(SUPPLIED RECORDS Opens)

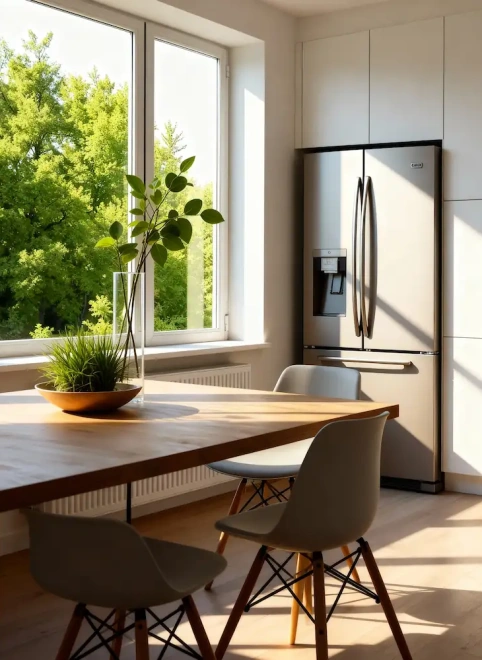 Как сэкономить на электроэнергии, выбирая правильную бытовую технику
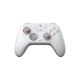 GameSir Nova 2 Lite White Bluetooth/RF/USB Analog/Digital Gamepad for PC, Android, Nintendo Switch, iOS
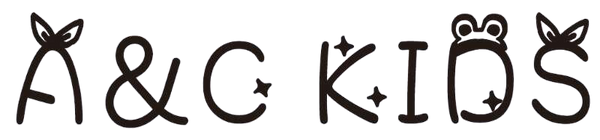 A&C KIDS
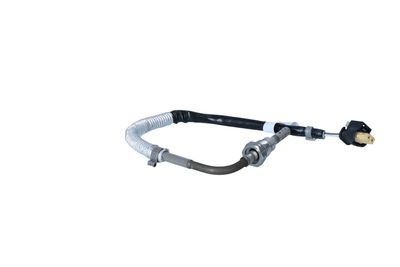 SENSOR ABGASTEMPERATUR NRF 707311 27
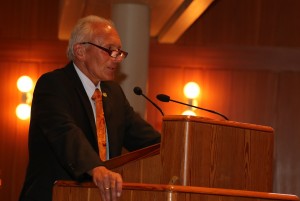 11-IMG_0234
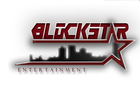 Picture for song 'eee' by artist 'BLOCKSTARMUZIK'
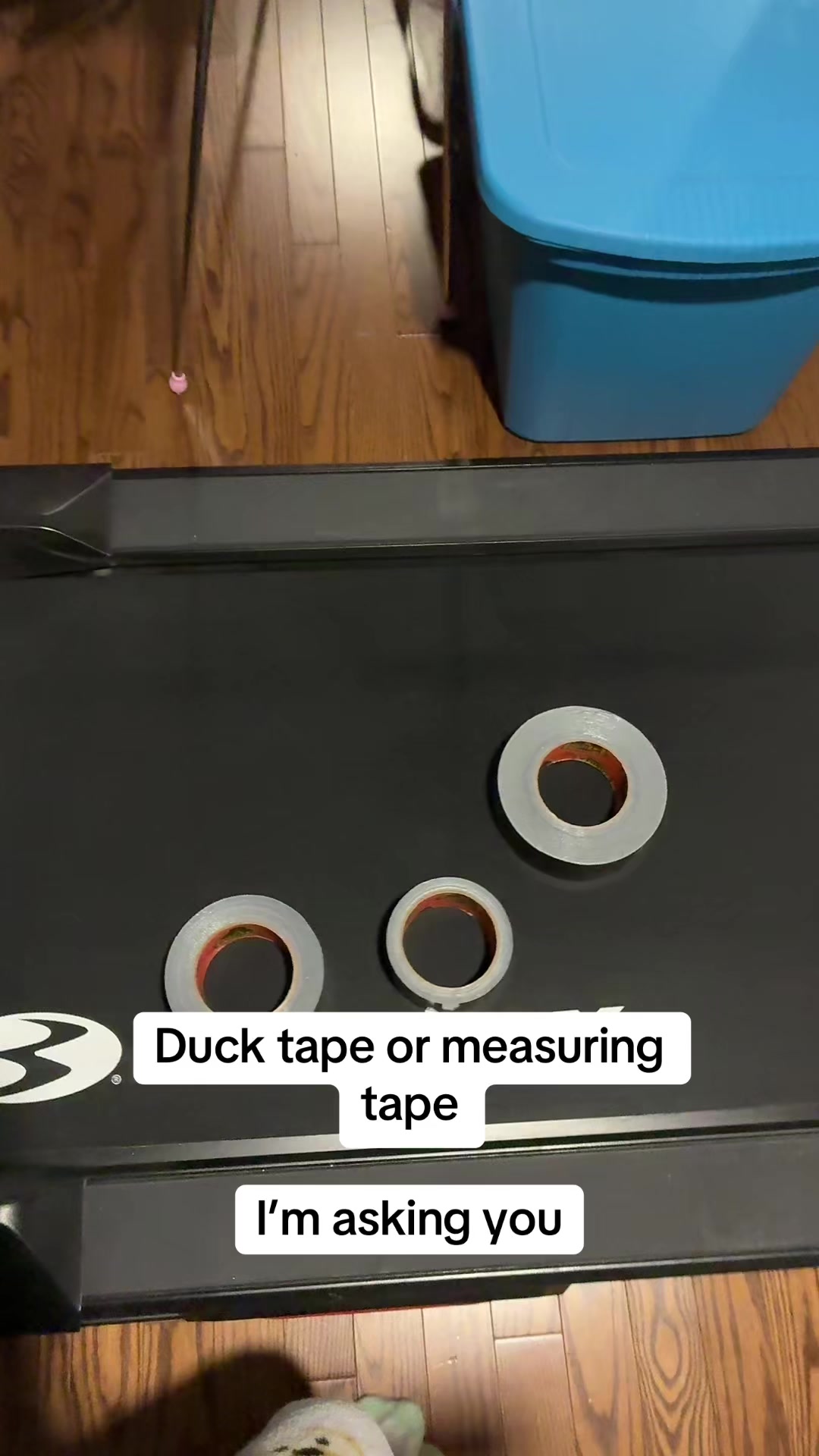 @measuringtape_lover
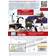 Mr. Popper's Penguins (DVD + Digital Copy)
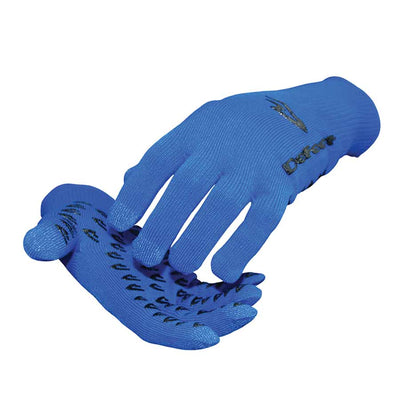 DeFeet Dura Glove Winter Gloves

(SUPPLIED RECORDS Closes)

In your answer, repeat all the entries exactly, but leave out the pictures.

 Как сэкономить на электроэнергии, выбирая правильную бытовую технику
 GameSir Nova 2 Lite White Bluetooth/RF/USB Analog/Digital Gamepad for PC, Android, Nintendo Switch, iOS
 A&C KIDS
 SENSOR ABGASTEMPERATUR NRF 707311 27
 11-IMG_0234
 Picture for song 'eee' by artist 'BLOCKSTARMUZIK'
 @measuringtape_lover
 Mr. Popper's Penguins (DVD + Digital Copy)
 DeFeet Dura Glove Winter Gloves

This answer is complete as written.